He says this malaise does not afflict Russia’s religious communities, noting their members live longer and have more children than average, though they are not necessarily wealthier.
“This is most evident among the devout Orthodox [Christian], members of Russia’s largest religious faith,” Beloborodov said. “There are also many children born to Muslims, and the same goes for Buddhists. People who have preserved a certain moral code and a positive attitude toward family values demonstrate different demographic and reproductive tendencies.”
Beloborodov says 75 years of atheism and economic mismanagement by communists devastated not only Russia’s spiritual and material foundations, but also the family structure. He says the communist system created what he calls “demographic time bombs” that continue to explode in Russia years after the Soviet collapse in 1991. These include the legalization of abortions, prohibition of private property and inheritance rights, and making a mother’s service to communism more rewarding than caring for her children.
Prime Minister Vladimir Putin recently called for measures to increase Russian life expectancy to 75 by the year 2020. But demographer Beloborodov questions whether the problem can be solved in a mere 12 years. “I think the approach to the problem – lowering the death rate but ignoring the birth rate – is wrong,” he said. “It won’t solve anything. It would only guarantee an older population. In other words, the rate of aging would accelerate, but the burden on the working-age population would increase. Even now, our pension system is in a state of crisis.”
The demographer says more working-age Russians are needed not only to support retirees, but also to develop the economy and maintain a viable army.
Some analysts also fear the Chinese could fill a vacuum created by a particularly acute loss of people in Russia’s Far East.
Vladimir Myasnikov, one of Russia’s foremost China experts, disagrees. He says not many people are needed to hold the area. “East of the Urals, normal human living conditions exist only along a very thin strip running along the Chinese border. There is permafrost North of some local mountain ranges, where temperatures reach as low as 50 below zero centigrade.
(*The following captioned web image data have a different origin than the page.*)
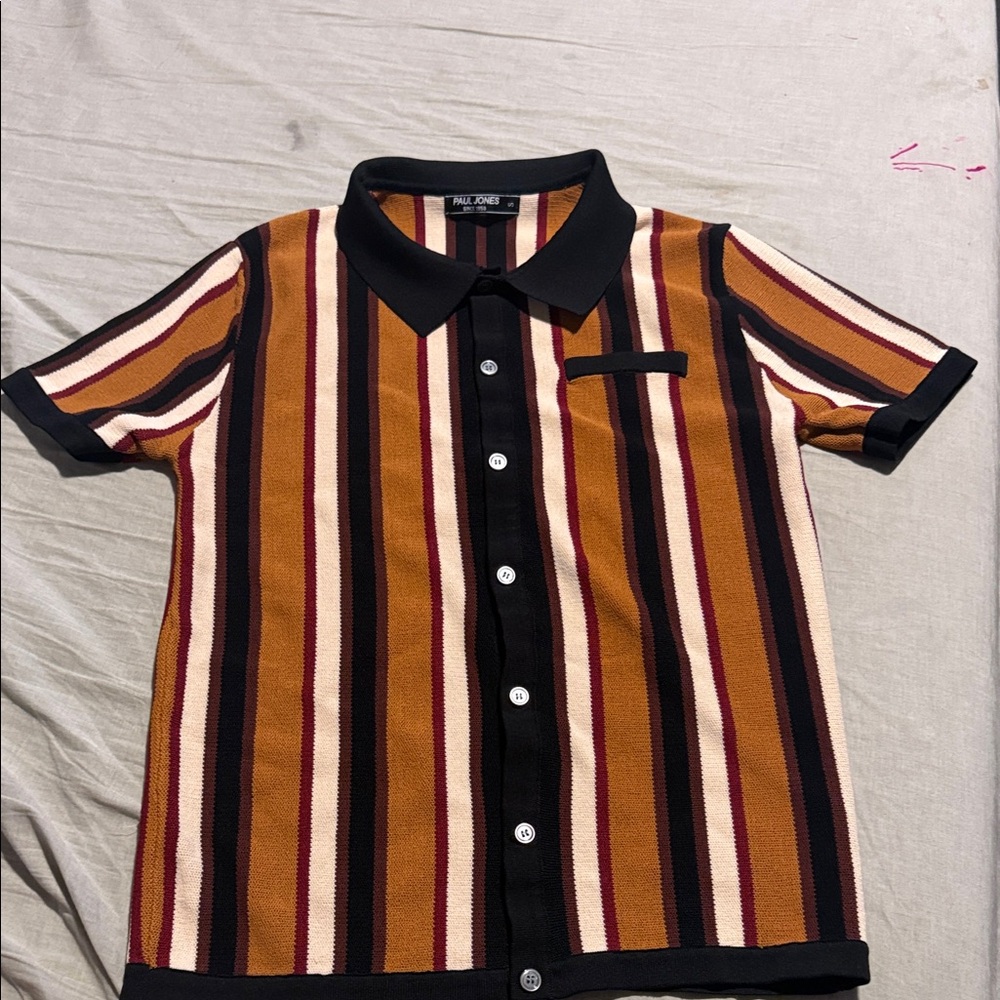 Men's Striped Button Down Shirt - Black, Brown, and Tan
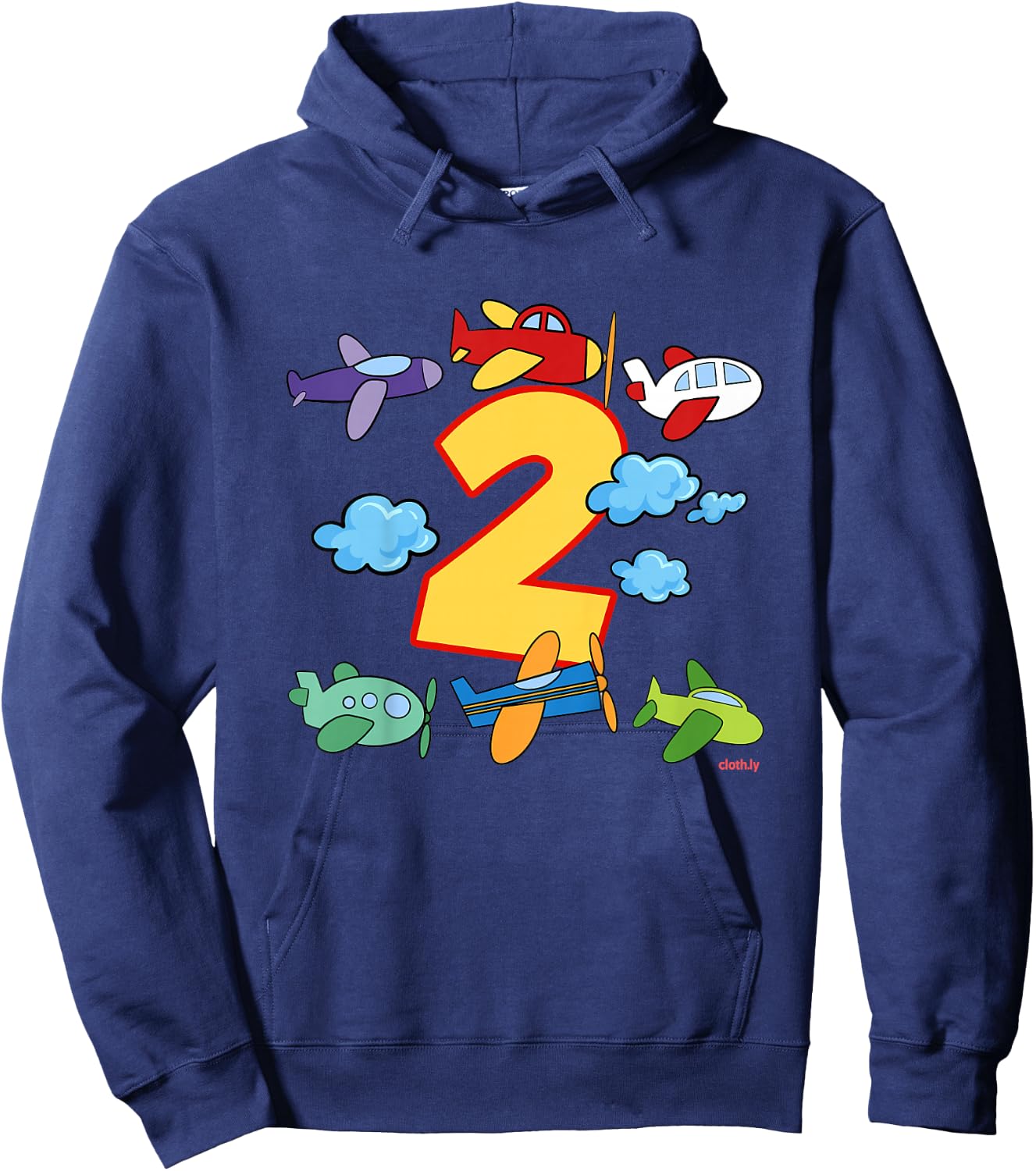 Kids 2nd Birthday Boys Airplane Pilot 2 Years Birthday Hoodie - Hoodie | Navy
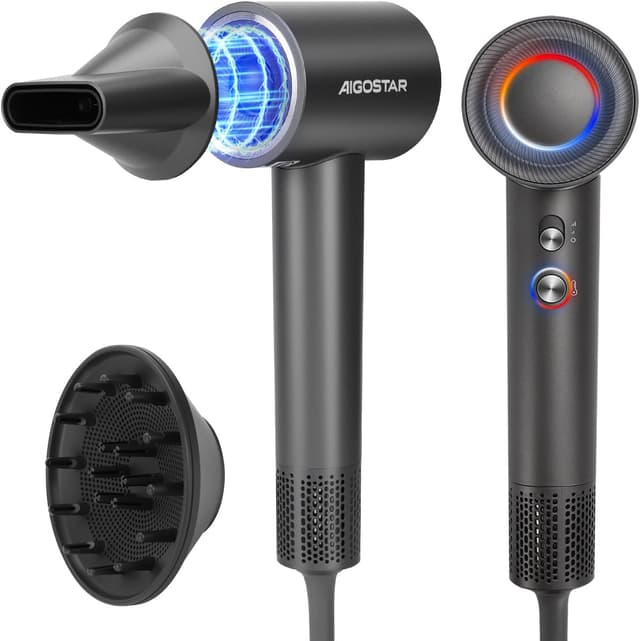 Detalle de Aigostar Ionen Haartrockner mit Diffusor, 200 Mio. Ionen, BLDC-Motor (110.000 U/min) & 55 dB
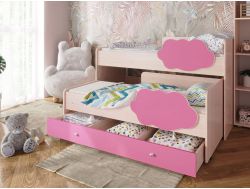 Кровать Соник и ящиком млечный дуб с розовым
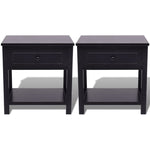 ZNTS Bedside Cabinets 2 pcs Wood Black 242873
There are similar regions in Canada, which are virtually empty.”
Russia has as many as 12 million immigrants, most of them illegal, to make up for Russia’s ever-growing labor shortage. Some immigrants have been attacked and even killed by xenophobic Russians who resent the newcomers as intruders. Despite an slight increase in number of births last year, the United Nations predicts the country’s population will continue to plummet from the current 141 million to less than 100 million by mid-century.